%%

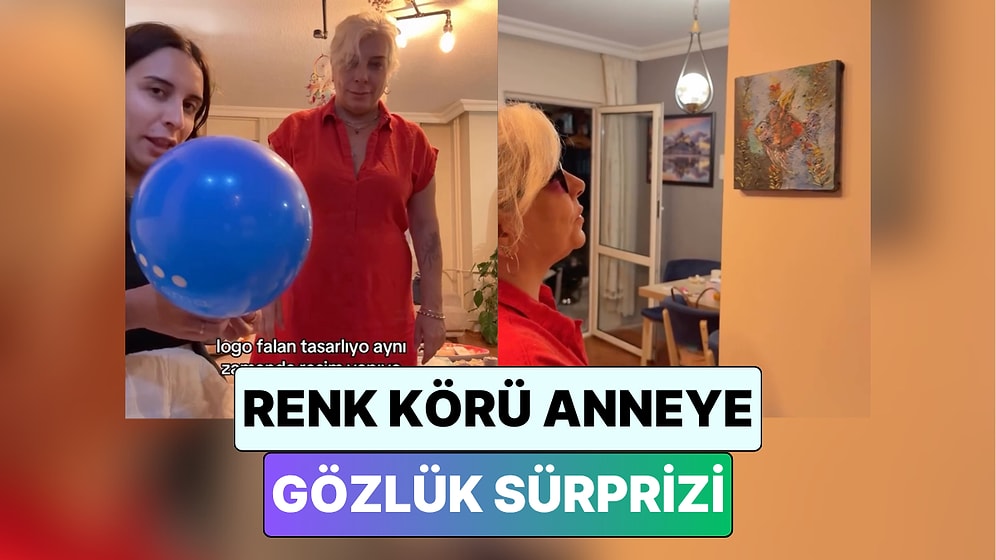 Bir Kadın Renk Körü Olan Tasarımcı Annesine Gözlük Alarak Kendi Tasarımlarını İnceletti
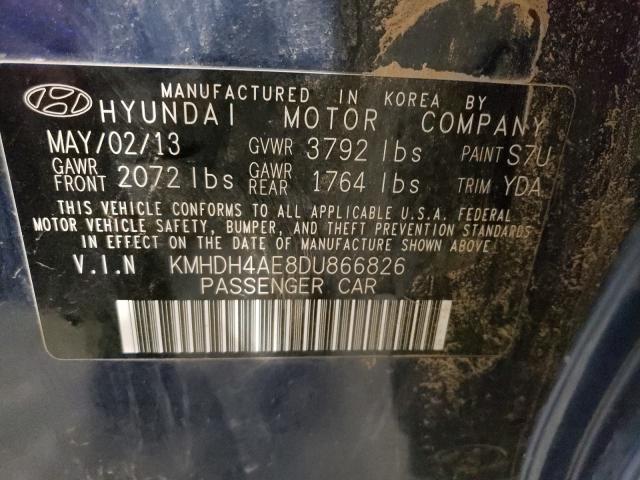 Photo 9 VIN: KMHDH4AE8DU866826 - HYUNDAI ELANTRA GL 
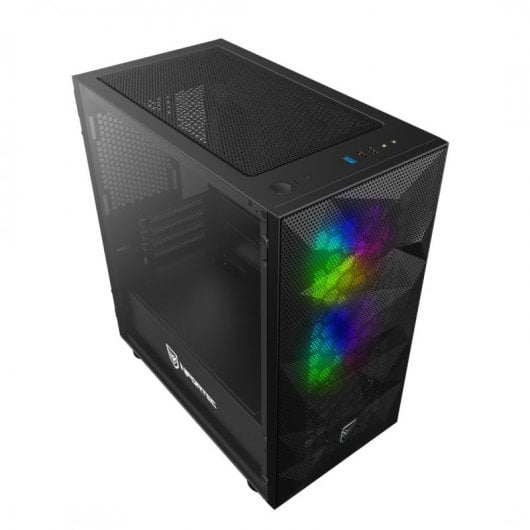 Nfortec Eris Cristal Templado USB 3.0 RGB Negra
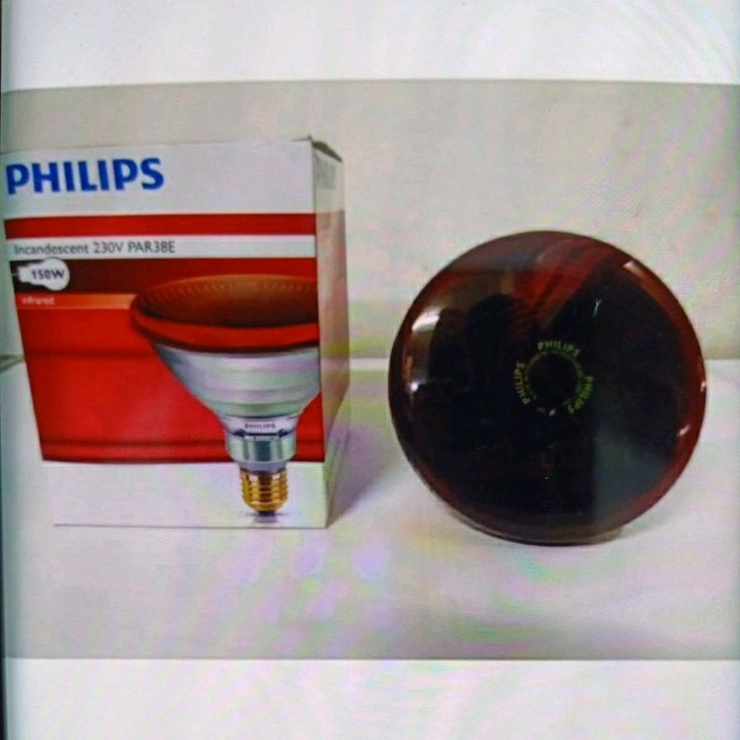 Lampu Terapi infrared Philips 150w + Tiang Lampu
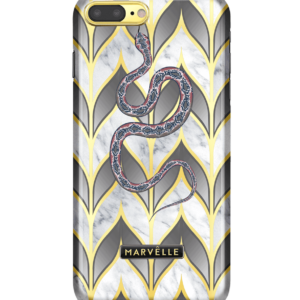 Mobilreservdelar N400 Magnetiskt Mobilskal Venomous Golden Leaves  - iPhone 7/8 Plus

%%

Your objective: In the copy, include no pictures; everything else in the material should be written out exactly.

Finished task:
 Bir Kadın Renk Körü Olan Tasarımcı Annesine Gözlük Alarak Kendi Tasarımlarını İnceletti
 Photo 9 VIN: KMHDH4AE8DU866826 - HYUNDAI ELANTRA GL 
 Nfortec Eris Cristal Templado USB 3.0 RGB Negra
 Lampu Terapi infrared Philips 150w + Tiang Lampu
 Mobilreservdelar N400 Magnetiskt Mobilskal Venomous Golden Leaves  - iPhone 7/8 Plus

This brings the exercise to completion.